▶ _EXERCISE_
Below are the records; copy out every line that holds the word "Care".

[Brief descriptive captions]
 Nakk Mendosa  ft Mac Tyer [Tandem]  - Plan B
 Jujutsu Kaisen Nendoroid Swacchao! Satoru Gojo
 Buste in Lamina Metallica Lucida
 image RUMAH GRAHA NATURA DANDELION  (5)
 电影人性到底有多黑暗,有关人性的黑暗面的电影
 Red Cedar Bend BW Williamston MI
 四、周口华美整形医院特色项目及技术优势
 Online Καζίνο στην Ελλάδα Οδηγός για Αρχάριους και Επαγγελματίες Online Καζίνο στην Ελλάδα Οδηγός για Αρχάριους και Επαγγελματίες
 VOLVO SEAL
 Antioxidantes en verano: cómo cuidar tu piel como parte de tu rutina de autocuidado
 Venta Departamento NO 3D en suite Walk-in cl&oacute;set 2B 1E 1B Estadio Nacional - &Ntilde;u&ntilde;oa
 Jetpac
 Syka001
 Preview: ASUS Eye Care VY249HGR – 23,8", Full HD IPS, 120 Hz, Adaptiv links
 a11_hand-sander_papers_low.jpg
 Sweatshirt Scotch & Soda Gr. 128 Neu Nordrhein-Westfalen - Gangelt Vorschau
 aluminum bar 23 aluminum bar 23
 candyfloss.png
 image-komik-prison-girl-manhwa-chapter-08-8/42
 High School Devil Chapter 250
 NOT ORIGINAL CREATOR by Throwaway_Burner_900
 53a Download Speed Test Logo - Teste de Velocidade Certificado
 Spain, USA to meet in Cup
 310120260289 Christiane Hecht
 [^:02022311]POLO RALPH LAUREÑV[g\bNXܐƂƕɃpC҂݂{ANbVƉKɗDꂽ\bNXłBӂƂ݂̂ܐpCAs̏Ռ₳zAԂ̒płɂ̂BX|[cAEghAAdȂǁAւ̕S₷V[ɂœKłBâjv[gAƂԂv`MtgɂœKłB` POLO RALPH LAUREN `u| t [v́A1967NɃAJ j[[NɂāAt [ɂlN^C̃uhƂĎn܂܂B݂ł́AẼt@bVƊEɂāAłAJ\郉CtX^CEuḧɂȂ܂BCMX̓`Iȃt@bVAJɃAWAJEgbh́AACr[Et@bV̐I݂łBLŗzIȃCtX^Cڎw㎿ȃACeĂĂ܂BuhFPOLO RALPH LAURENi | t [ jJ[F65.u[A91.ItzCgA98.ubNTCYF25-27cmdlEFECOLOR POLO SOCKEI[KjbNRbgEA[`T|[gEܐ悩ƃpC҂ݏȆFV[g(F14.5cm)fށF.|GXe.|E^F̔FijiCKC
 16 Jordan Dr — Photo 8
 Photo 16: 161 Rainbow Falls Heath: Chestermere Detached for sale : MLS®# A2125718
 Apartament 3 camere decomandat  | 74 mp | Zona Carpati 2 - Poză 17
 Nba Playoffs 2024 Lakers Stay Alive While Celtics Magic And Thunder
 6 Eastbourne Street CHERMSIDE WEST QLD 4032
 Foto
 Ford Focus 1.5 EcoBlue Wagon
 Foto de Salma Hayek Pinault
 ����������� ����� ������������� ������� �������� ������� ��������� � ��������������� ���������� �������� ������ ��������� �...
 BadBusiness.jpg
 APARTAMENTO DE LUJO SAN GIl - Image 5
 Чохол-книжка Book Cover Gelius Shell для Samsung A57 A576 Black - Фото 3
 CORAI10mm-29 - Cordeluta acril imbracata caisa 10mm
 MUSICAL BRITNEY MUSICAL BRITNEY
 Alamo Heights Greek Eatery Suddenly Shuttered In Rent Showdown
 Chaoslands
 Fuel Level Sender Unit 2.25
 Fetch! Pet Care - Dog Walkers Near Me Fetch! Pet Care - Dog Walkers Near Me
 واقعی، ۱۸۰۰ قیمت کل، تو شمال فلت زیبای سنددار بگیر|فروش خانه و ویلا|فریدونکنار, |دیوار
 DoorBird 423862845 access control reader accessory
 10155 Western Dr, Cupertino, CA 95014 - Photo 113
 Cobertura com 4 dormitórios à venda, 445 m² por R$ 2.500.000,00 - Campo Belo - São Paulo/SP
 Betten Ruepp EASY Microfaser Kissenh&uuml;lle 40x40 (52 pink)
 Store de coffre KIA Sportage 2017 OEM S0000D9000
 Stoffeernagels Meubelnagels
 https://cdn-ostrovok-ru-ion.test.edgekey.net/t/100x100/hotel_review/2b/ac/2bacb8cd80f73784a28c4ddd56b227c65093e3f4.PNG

▶ _ANSWER FOR THIS EXERCISE_
 Preview: ASUS Eye Care VY249HGR – 23,8", Full HD IPS, 120 Hz, Adaptiv links
 Fetch! Pet Care - Dog Walkers Near Me Fetch! Pet Care - Dog Walkers Near Me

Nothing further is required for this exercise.